La explosión anímica desatada por el triunfo conseguido el domingo precedente frente a San Lorenzo funcionó como un disparador interno. Aquella catarata de sentimientos encontrados, lejos de disiparse en mera celebración, impulsó a River a extremar los recaudos en el plano futbolístico de cara al compromiso ante Gimnasia. Los desaciertos cometidos en el duelo de octavos de final fueron sometidos a una revisión minuciosa, y esa autocrítica obligó al conjunto millonario a asumir el nuevo desafío con un nivel de atención inusitadamente elevado, sobre todo en lo concerniente a la organización táctica y la concentración colectiva.

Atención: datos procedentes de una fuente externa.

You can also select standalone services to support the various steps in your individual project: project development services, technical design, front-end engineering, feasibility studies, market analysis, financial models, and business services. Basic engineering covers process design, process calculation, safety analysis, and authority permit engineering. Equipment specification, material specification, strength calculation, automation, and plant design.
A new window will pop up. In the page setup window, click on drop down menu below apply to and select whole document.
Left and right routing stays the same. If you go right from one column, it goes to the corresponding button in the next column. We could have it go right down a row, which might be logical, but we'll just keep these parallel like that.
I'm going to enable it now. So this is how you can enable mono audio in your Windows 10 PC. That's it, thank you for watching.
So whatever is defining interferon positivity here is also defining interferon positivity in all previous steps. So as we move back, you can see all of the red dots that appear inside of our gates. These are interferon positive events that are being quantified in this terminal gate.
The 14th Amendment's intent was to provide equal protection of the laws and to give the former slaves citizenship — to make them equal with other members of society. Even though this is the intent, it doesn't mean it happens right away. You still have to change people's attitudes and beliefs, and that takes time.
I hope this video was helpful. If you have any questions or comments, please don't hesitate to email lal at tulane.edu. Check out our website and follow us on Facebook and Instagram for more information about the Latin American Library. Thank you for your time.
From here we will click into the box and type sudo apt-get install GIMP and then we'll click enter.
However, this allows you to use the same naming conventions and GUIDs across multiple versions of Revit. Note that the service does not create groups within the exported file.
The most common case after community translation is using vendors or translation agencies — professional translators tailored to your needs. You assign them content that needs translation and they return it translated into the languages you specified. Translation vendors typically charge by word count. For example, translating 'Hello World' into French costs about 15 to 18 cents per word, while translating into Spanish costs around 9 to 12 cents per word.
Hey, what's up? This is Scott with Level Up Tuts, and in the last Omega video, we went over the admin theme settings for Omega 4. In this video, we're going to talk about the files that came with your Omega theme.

La estrategia desplegada rindió frutos en los compases iniciales, pues el elenco de Núñez logró instalarse con solvencia en el campo platense y, desde esa posición, se adueñó de la iniciativa del juego. La retaguardia se plantó en la franja central del terreno, y desde allí el equipo comenzó a tejer el dominio de las acciones. En las antípodas, Gimnasia optó por esperar replegado en su propio sector, y cada vez que recuperaba la posesión del esférico, intentaba lanzar transiciones vertiginosas para explotar la velocidad punta de sus atacantes. Marcelo Torres fue precisamente el intérprete de la primera ocasión franca para anotar, aunque su disparo terminó siendo desviado por la intervención oportuna de Beltrán.

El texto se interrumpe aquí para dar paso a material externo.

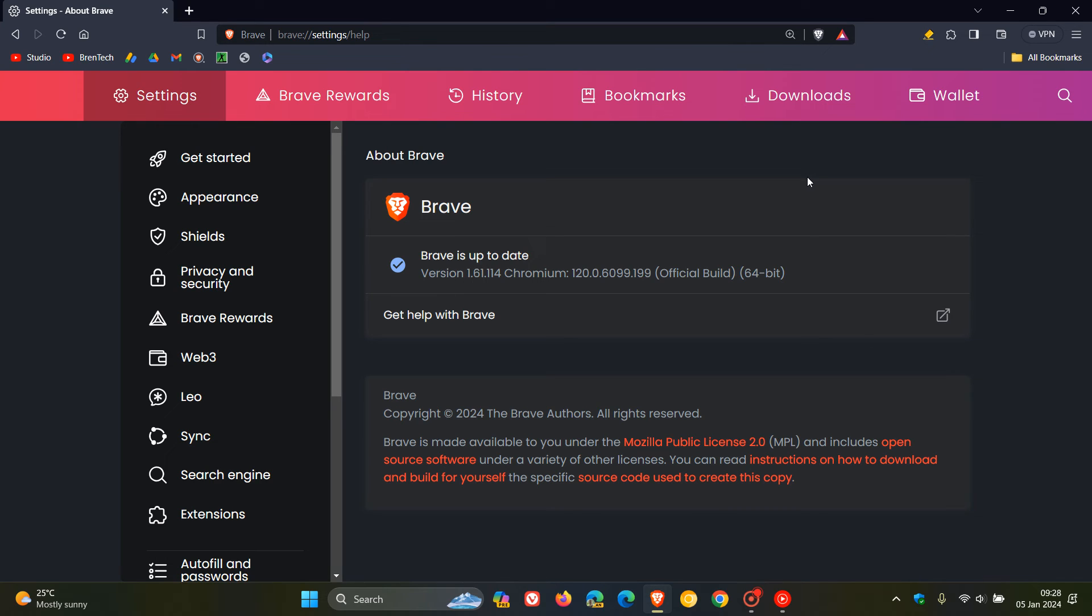Nonetheless, there are no zero days or exploits in the wild. But because we are dealing with six high risk vulnerabilities that have been patched, just double check your Brave web browser is up to date sooner than later.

El Lobo arribó al estadio Monumental respaldado por una seguidilla de siete victorias consecutivas, además de una valla invicta mantenida durante cinco presentaciones. Esa admirable racha se fracturó a los veintisiete minutos, cuando Sebastián Driussi estampó un tanto de exquisita definición, luego de una sobresaliente maniobra de Facundo Colidio por el sector izquierdo. La conquista no solamente quebró una estadística adversaria, sino que también tensó el desarrollo del encuentro.

En el reinicio de las acciones, los dirigidos por Leonardo Madelón salieron con una audacia renovada, impulsados por la urgencia que imponía la desventaja en el marcador: la eliminación acechaba y era imperioso inclinarse hacia el arco rival. El entrenador dispuso el ingreso de Matías Zalazar en reemplazo de Nicolás Barros Schelotto, buscando dotar de mayor gravitación a su ataque en las inmediaciones del área contraria. De manera gradual, Gimnasia fue aproximándose con mayor peligro al arco custodiado por Beltrán.

La ocasión más nítida para los visitantes la protagonizó Leonardo Conti, que conectó un cabezazo tras un envío preciso de Ignacio Fernández, sólo para encontrarse con una reacción formidable del arquero Beltrán, quien desvió el balón por encima del travesaño con una estirada memorable. La diferencia de un solo tanto alimentaba la ilusión de los platenses, pero esa esperanza se desvaneció a los veinte minutos del complemento, cuando Lucas Martínez Quarta desplegó una jugada descomunal. El zaguero central recuperó la pelota en las cercanías del semicírculo de su propia área, emprendió una carrera que atravesó todo el campo por el eje, cedió el balón a Franco Freitas por el flanco derecho y continuó su marcha en dirección al arco contrario. El guardameta Insfrán falló en su salida, y el futbolista de River, con un cabezazo certero, sentenció la ampliación de la ventaja.

El desenlace, a diferencia de lo experimentado frente a San Lorenzo, transcurrió entre festejos sostenidos y un respaldo mayoritario hacia los protagonistas. La victoria, más allá del pasaporte a las semifinales, podría haber significado también un punto de inflexión para comenzar a recomponer la relación, últimamente resquebrajada, entre el público y los futbolistas. En el silencio posterior al estruendo, River encontró la claridad que necesitaba.